* Exercise details *
When the line with "Bandung Gelar Bersih-Bersih" turns up below, begin repeating exactly, and carry on through the line with "Thumbnail: 2025 Audi Q4 e-tron - 8"; no pictures go into the copy.

Start of Records supplied

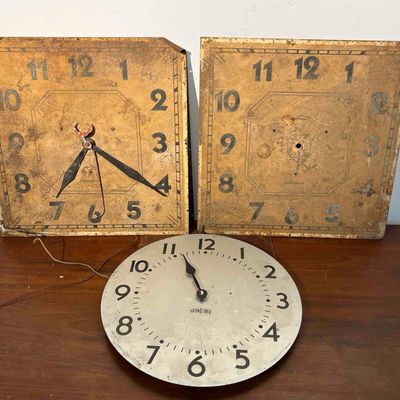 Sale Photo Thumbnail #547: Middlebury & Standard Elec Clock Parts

End of Records supplied
Start of Records supplied

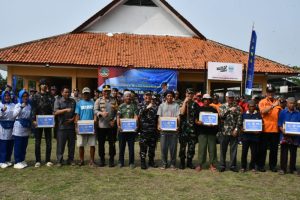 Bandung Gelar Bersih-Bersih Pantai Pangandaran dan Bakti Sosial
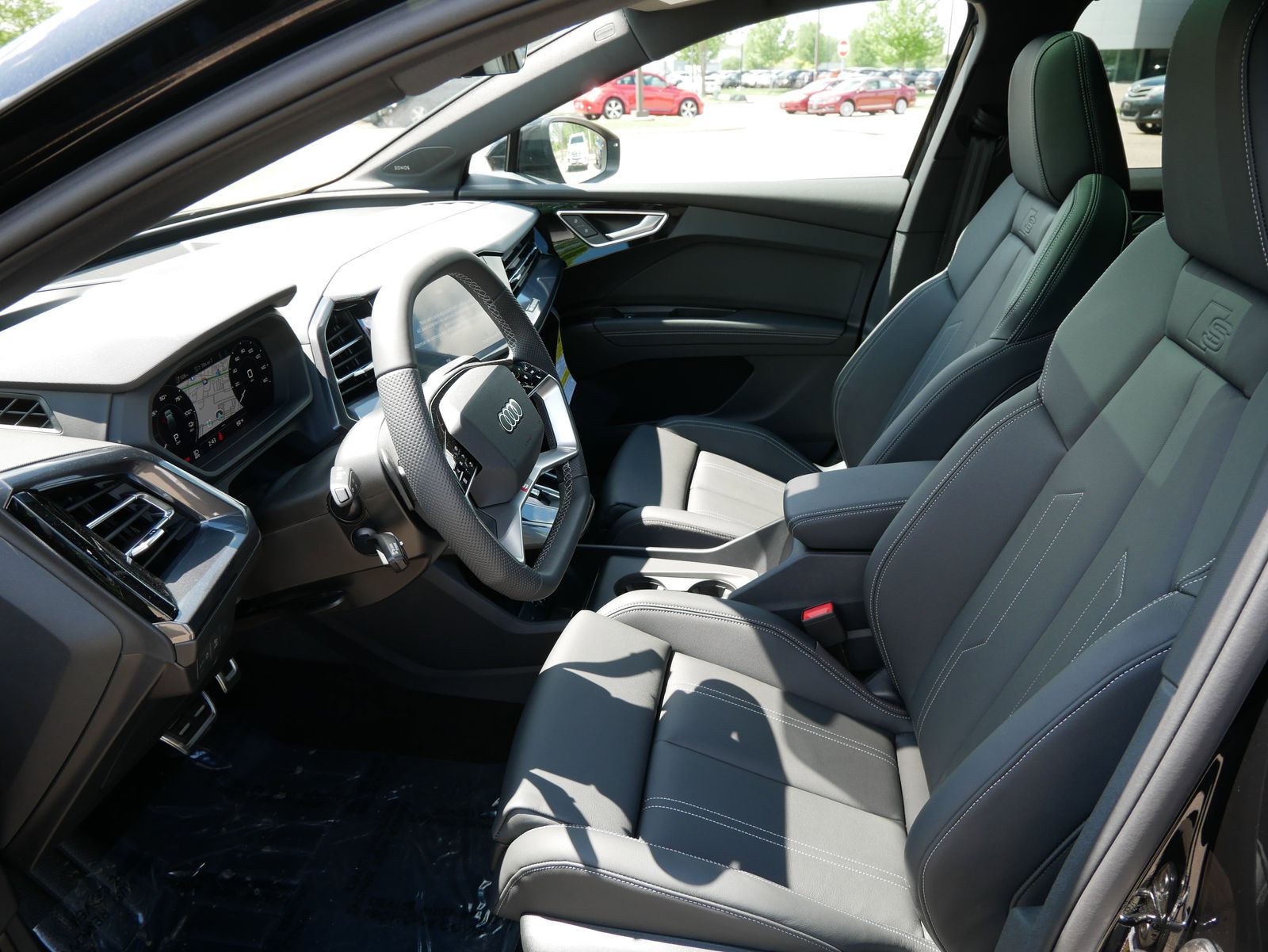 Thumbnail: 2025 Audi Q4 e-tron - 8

End of Records supplied

* Exercise output *
 Bandung Gelar Bersih-Bersih Pantai Pangandaran dan Bakti Sosial
 Thumbnail: 2025 Audi Q4 e-tron - 8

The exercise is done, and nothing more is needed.